Through photographs, we can document many aspects of a football club's history, including changes in staffing and evolutions in style.
We may also track the numerous technological changes that shaped visual history, and the important human aspects they captured.
Born and raised in Exeter, Richard Henry "Dick" Pym remains to this day a significant name in Exeter City.
Pym played for the club from 1911 to 1920, when his sale to Bolton enabled the club to purchase their home ground St James Park.
Attracting a lot of fan admiration for his impressive record of 186 consecutive appearances in the league, Pym was known as a club character, with tales of his exploits including the parrot he brought back from the club's South America trip.

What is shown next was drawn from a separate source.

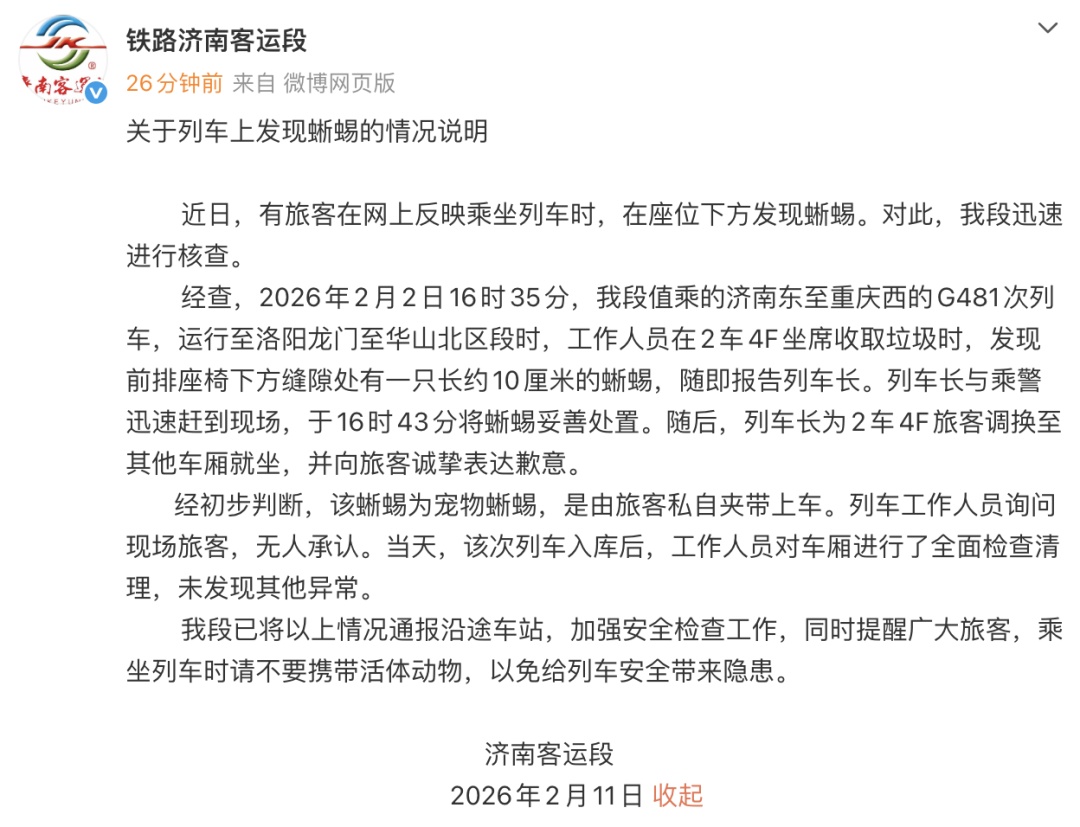 “真害怕，我都不敢回座位了”，高铁车厢内突现蜥蜴？铁路通报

Despite his colourful history with the club, this photo may appear austere by our moden standards, capturing the high regard, even hero status, to which players were held, as well as the limitations of photography of the time - capturing a dynamic image, more indicative of Pym's personality, may not have been possible.
This squad photo from the early 1920s may appear cold by modern standards, but this is a result of the capacity of photogaphic technology, which meant that players were required to stand perfectly still while the camera processed the image.
The generational changes in regard to fan interaction are captured in this introduction to colour photography.
Phil Uzzell, pictured here, took many photos with players, giving us a different perspective of a fan truly immersed with his team.
This more down to earth, interactive perspective of players and fans is something we can be more familiar with in an age of social media.
A sense of team spirit is preserved in squad photos such as this one, something possible to trace back through the generations despite the changing players, kit, and technology. Kits were simpler before sponsorship changed the way uniforms were designed, to depict the wider affiliations of the club as it grew. As the shirts designs grow more unique, they have also become more collectable. Devon, the youngest Uzzell, now owns his own collection of players shirts.